**Record set:**
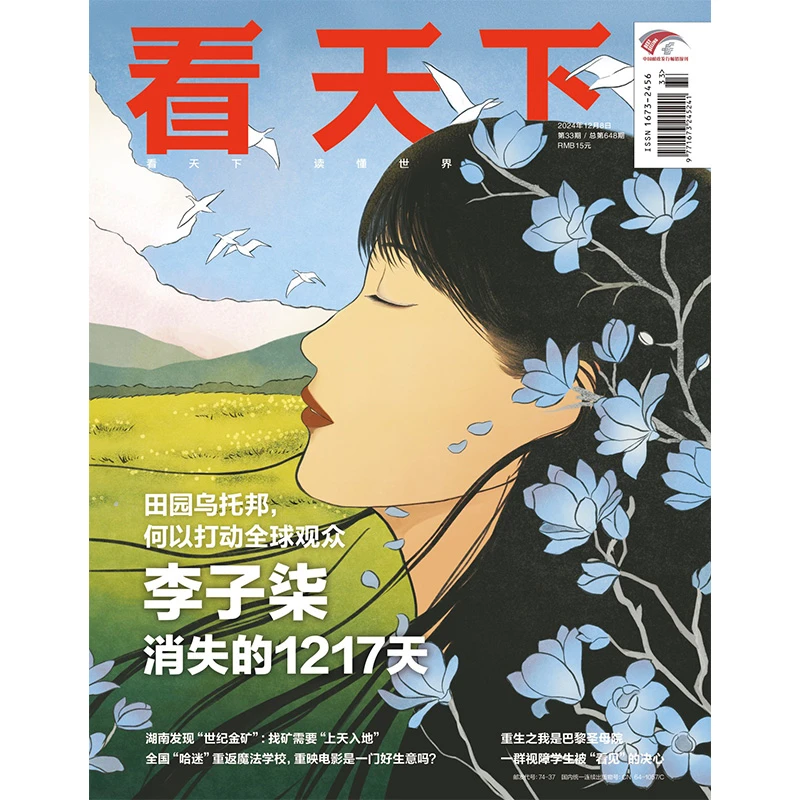 看天下24年12月08日刊  |   李子柒 消失的1217天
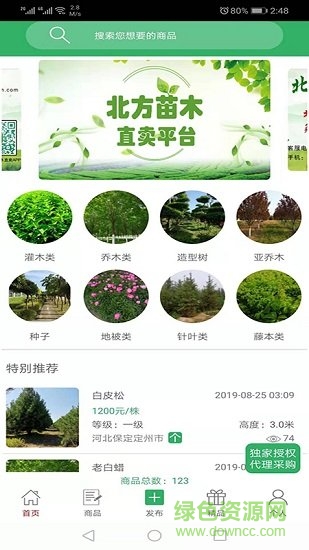 中國北方苗木直賣網(wǎng)官方 v3.8 安卓版 1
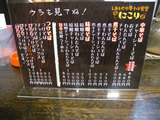 20140307_にこり_MENU1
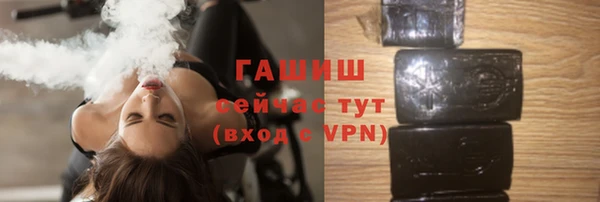 хмурый Елизово
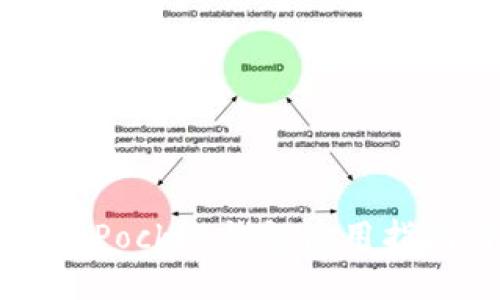 : Token Pocket钱包使用指南与评测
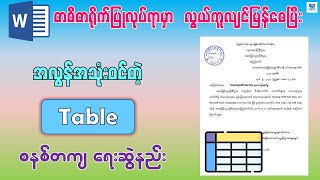 အလုပ်လုပ်ရာမှာ အလွန်အသုံးဝင်တဲ့ Table စနစ်တကျ ရေးဆွဲနည်း  How to Insert Table in Microsoft Word [upl. by Julia]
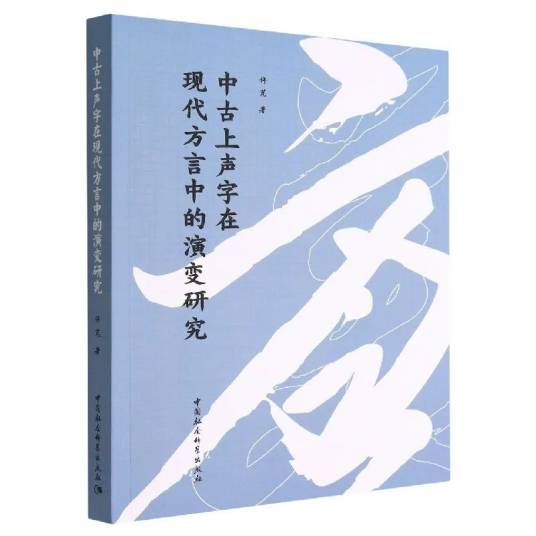 中古上声字在现代方言中的演变研究_百度百科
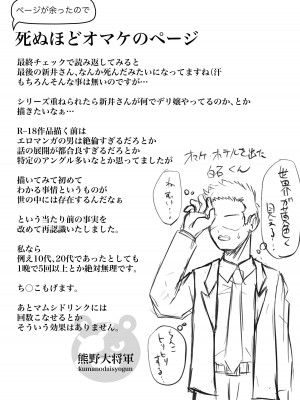 [熊野大将軍] 彼女のねだん2_75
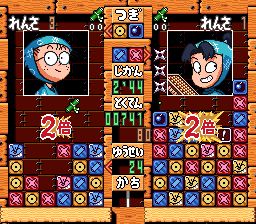 忍者乱太郎方块：忍术学园益智大赛SFC游戏截图第12张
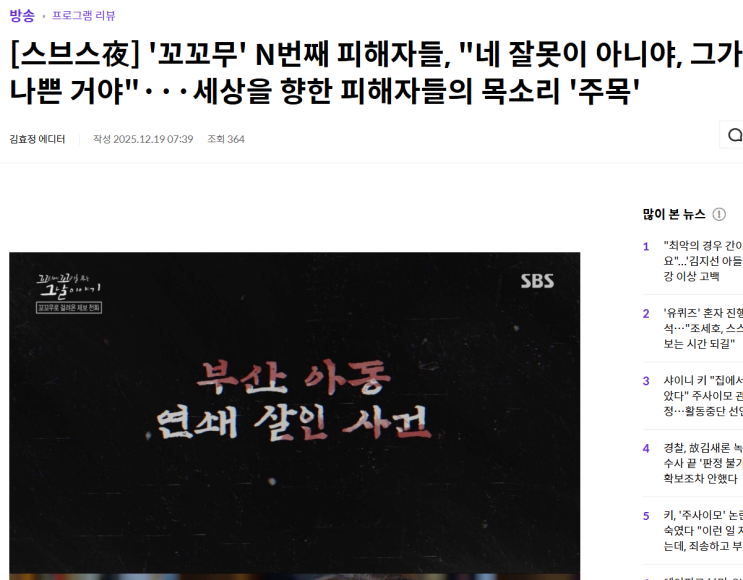  재범은 우연이 아니다 ｜  행정공백이 만든 N 번째 피해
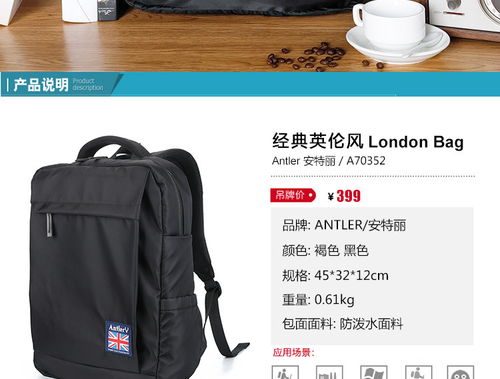 antler 安特麗 新款時尚男女背包雙肩包學生書包商務電腦包旅行包登山包悠閑包包
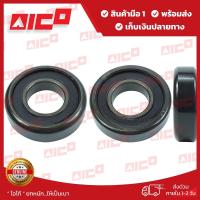 ราคา ลูกปืนแผงงาโฟล์คลิฟท์ CPCD35 70240-L0044 อะไหล่รถโฟล์คลิฟท์/รถโฟล์คลิฟท์/อะไหล่โฟล์คลิฟท์/โฟล์คลิฟท์/Forklift/ฟอล์คลิฟท์ (43906781348)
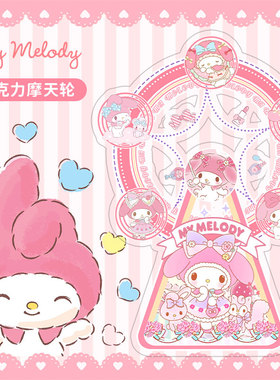 hellokitty亚克力摩天轮摆件立牌高清可旋转创意桌摆少女心玩具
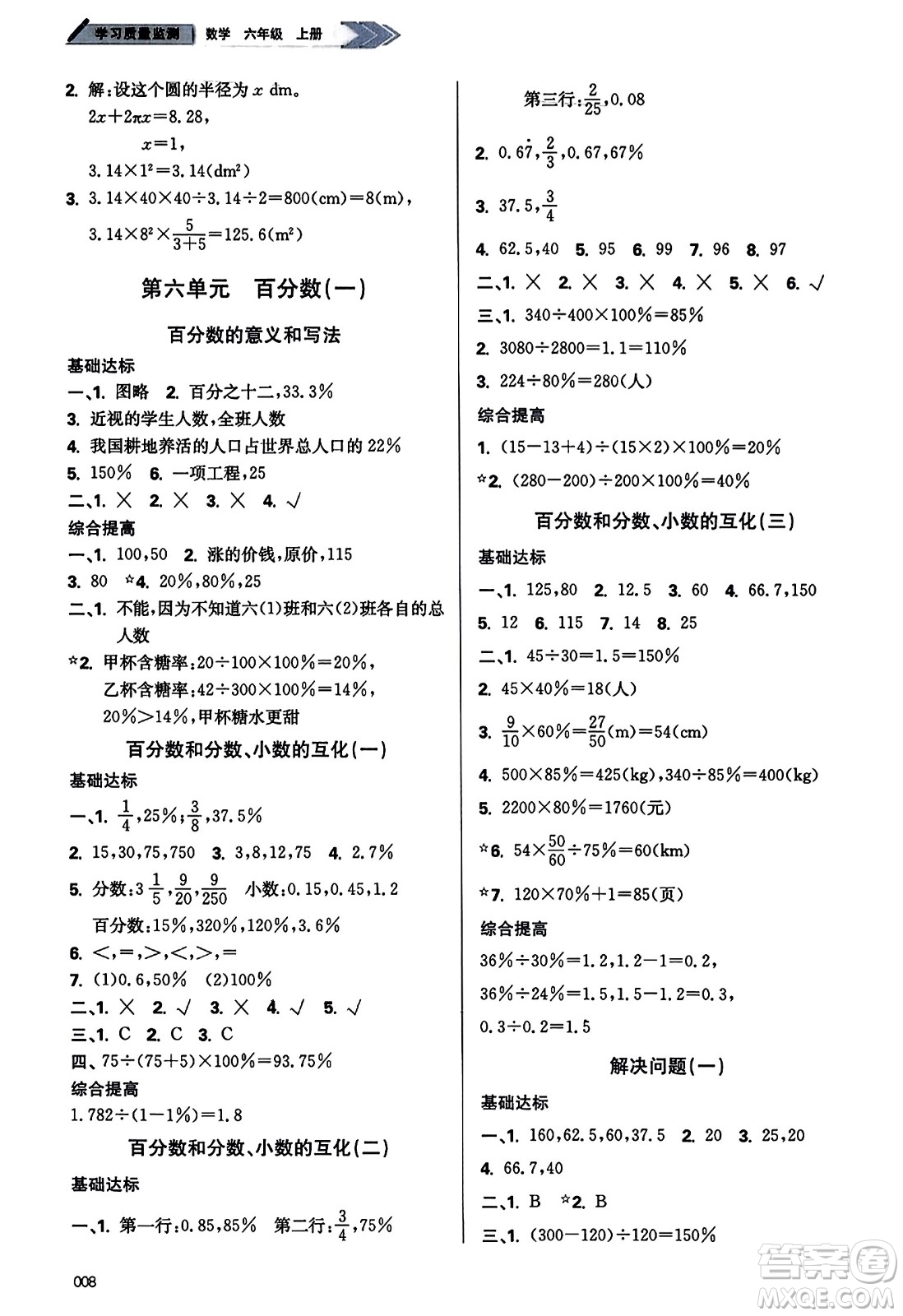 天津教育出版社2023年秋學(xué)習(xí)質(zhì)量監(jiān)測六年級數(shù)學(xué)上冊人教版答案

**Goal of the exercise:** Take the line containing "хмурый Елизово" as the first and the last line of the records as the end. Print every line in that span exactly, leaving out pictures.

**Reply:**
 хмурый Елизово
 : Token Pocket钱包使用指南与评测
 အလုပ်လုပ်ရာမှာ အလွန်အသုံးဝင်တဲ့ Table စနစ်တကျ ရေးဆွဲနည်း  How to Insert Table in Microsoft Word [upl. by Julia]
 中古上声字在现代方言中的演变研究_百度百科
 [熊野大将軍] 彼女のねだん2_75
 忍者乱太郎方块：忍术学园益智大赛SFC游戏截图第12张
  재범은 우연이 아니다 ｜  행정공백이 만든 N 번째 피해
 antler 安特麗 新款時尚男女背包雙肩包學生書包商務電腦包旅行包登山包悠閑包包
 ราคา ลูกปืนแผงงาโฟล์คลิฟท์ CPCD35 70240-L0044 อะไหล่รถโฟล์คลิฟท์/รถโฟล์คลิฟท์/อะไหล่โฟล์คลิฟท์/โฟล์คลิฟท์/Forklift/ฟอล์คลิฟท์ (43906781348)
 hellokitty亚克力摩天轮摆件立牌高清可旋转创意桌摆少女心玩具
 天津教育出版社2023年秋學(xué)習(xí)質(zhì)量監(jiān)測六年級數(shù)學(xué)上冊人教版答案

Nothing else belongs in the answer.